得られた液体芳香剤組成物について、下記保存方法により保存した後、保存安定性の評価として、黄変抑制性評価、及び分散安定性評価を行った。
<保存方法>
実施例及び比較例の液体芳香剤組成物30mLを50mLのガラス瓶(規格瓶No.6)に充填し、大気圧下で密閉した(各2本)。これを5℃と50℃の恒温槽にそれぞれ栓口を上方にして立てて20日間保存した。
<黄変抑制性の評価>
前記方法により保存した50℃保存品の色相について、5℃保存品と比較して下記基準にて判断した。黄変抑制性としては、2以上が好ましく、3以上がより好ましい。
〔評価基準〕
3:5℃保存品と同等で黄変していない
2:5℃保存品よりやや黄変している
1:5℃保存品より黄変している
<分散安定性の評価>
前記方法により保存した50℃保存品の外観について、下記基準にて判断した。
〔評価基準〕
3:透明
2:やや白濁
1:白濁、又は分離
得られた液体芳香剤組成物について、前記保存安定性の評価の他に、香りの持続性評価を行った。
<香りの持続性評価>
(1)評価用布の調製
TCニット布(ポリエステル65質量%/綿35質量%、エアーフライスF401−F1、マスダ株式会社製)2kgを市販の弱アルカリ性洗剤(花王株式会社製、アタック高活性バイオEX(登録商標))を用いて全自動洗濯機(株式会社日立製作所製、NW−7FT)で洗濯した(洗剤濃度0.0667質量%、20℃の水道水40L使用、標準コース、洗濯9分−すすぎ2回−脱水6分)。洗濯終了後のTCニット布を、25℃、40%RHの恒温室に干し、12時間乾燥させた。TCニット布を裁断(10cm×10cm)し評価用布とした。
(2)試験布の調製
前記評価用布1枚を用い、評価用布の乾燥時質量(前記(1)評価用布の調製において、洗濯終了後に25℃、40%RHで12時間乾燥した直後の質量)に対して、表1,2に示す液体芳香剤組成物を、トリガー式スプレーヤーを有するスプレー容器を用いて、50質量%噴霧した。各組成物に対し、各5枚ずつ試験布を調製した後、5枚の試験布を重ねて1組とし、25℃/40%RHの恒温室にて1週間自然乾燥させた。
(3)香りの持続性評価
1組成当たり5枚の試験布を重ねて5人のパネラーで香りの強さを評価した。評価は下記の基準で官能評価を行い、その平均値を求め、表1,2に示した。香りの持続性としては、平均点1以上が好ましく、2以上がより好ましい。
〔評価基準〕
4:非常に香りが強い
3:香りが強い
2:香りがする(認知閾値)
1:微かに香りがする(検知閾値)
0:香りがしない
表1、2の結果から明らかなように、比較例1〜3の液体芳香剤組成物は前記3種類の保存安定性評価のうちいずれかで劣った結果を示したのに対し、実施例1〜7の液体芳香剤組成物は全ての保存安定性評価について優れた結果を示した。

Claims (6)

  1. フェノール構造又はヒドロキシ−4−ピロン構造を有する香料と、炭素数8以上18以下の脂肪族モノカルボン酸又は炭素数3以上20以下の脂肪族ジカルボン酸とのエステルからなる香料前駆体(a)、非イオン性界面活性剤(b)、及び水を含有し、非イオン性界面活性剤(b)100質量部に対する香料前駆体(a)の量が、0.01質量部以上10質量部以下である、液体芳香剤組成物。

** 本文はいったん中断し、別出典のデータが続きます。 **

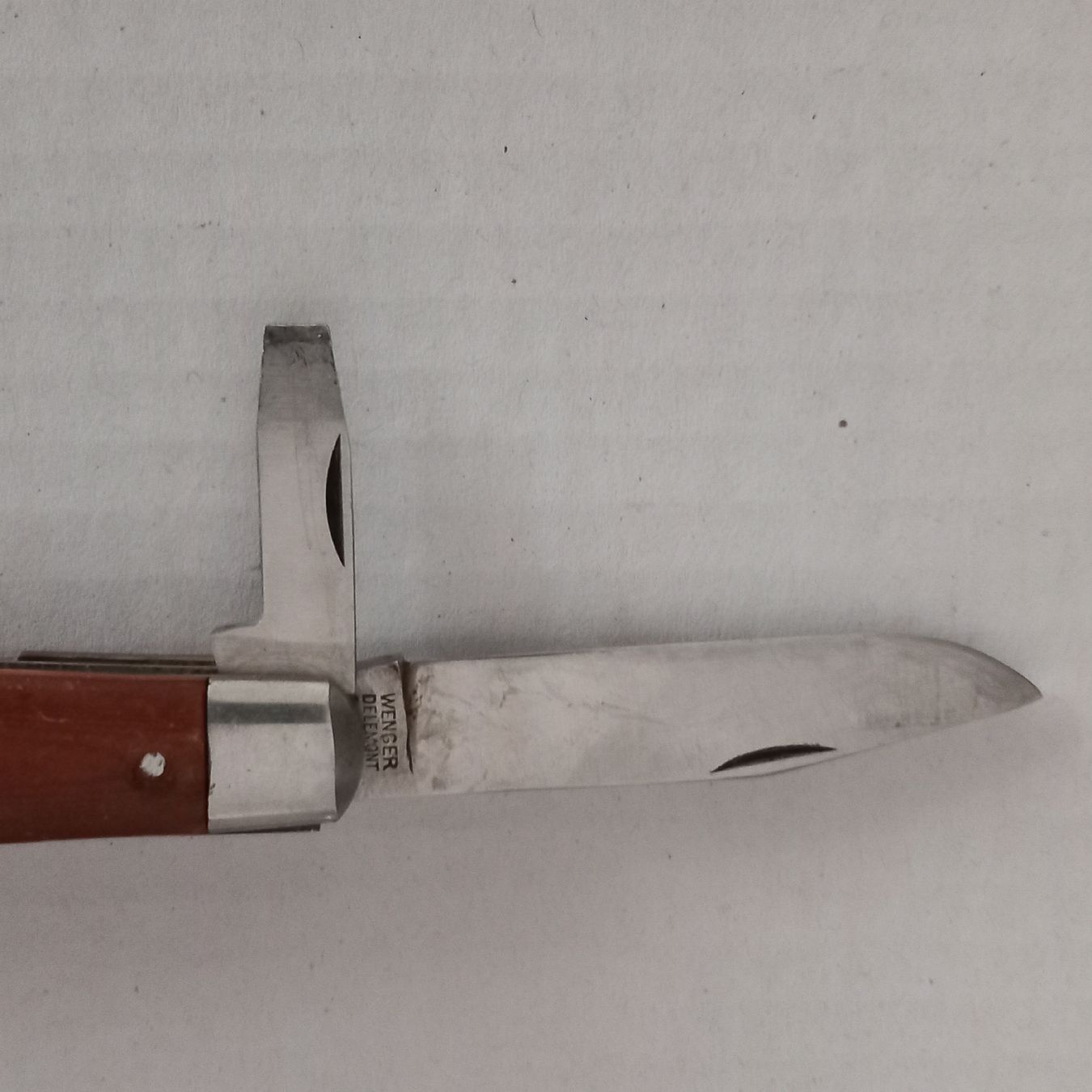 Wenger Taschenmesser: Wenger Sackmesser, Holzgriff, Vintage Swiss made wengerinox  – Gebraucht aus Rebstein von Zauberwelt14 7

  2. 香料前駆体(a)の香料が、マルトール、エチルマルトール、バニリン、エチルバニリン、及びラズベリーケトンから選ばれる1種以上である、請求項1に記載の液体芳香剤組成物。
  3. 香料前駆体(a)の脂肪族モノカルボン酸が、ラウリン酸、ミリスチン酸、パルミチン酸、ステアリン酸、及びオレイン酸から選ばれる1種以上である、請求項1又は2に記載の液体芳香剤組成物。
  4. 香料前駆体(a)の含有量が0.00001質量%以上0.01質量%以下である、請求項1〜3のいずれかに記載の液体芳香剤組成物。
  5. 請求項1〜4のいずれかに記載の液体芳香剤組成物をスプレー容器に充填したスプレー式液体芳香剤。
  6. スプレー容器がトリガー式スプレーヤーを有する、請求項5に記載のスプレー式液体芳香剤。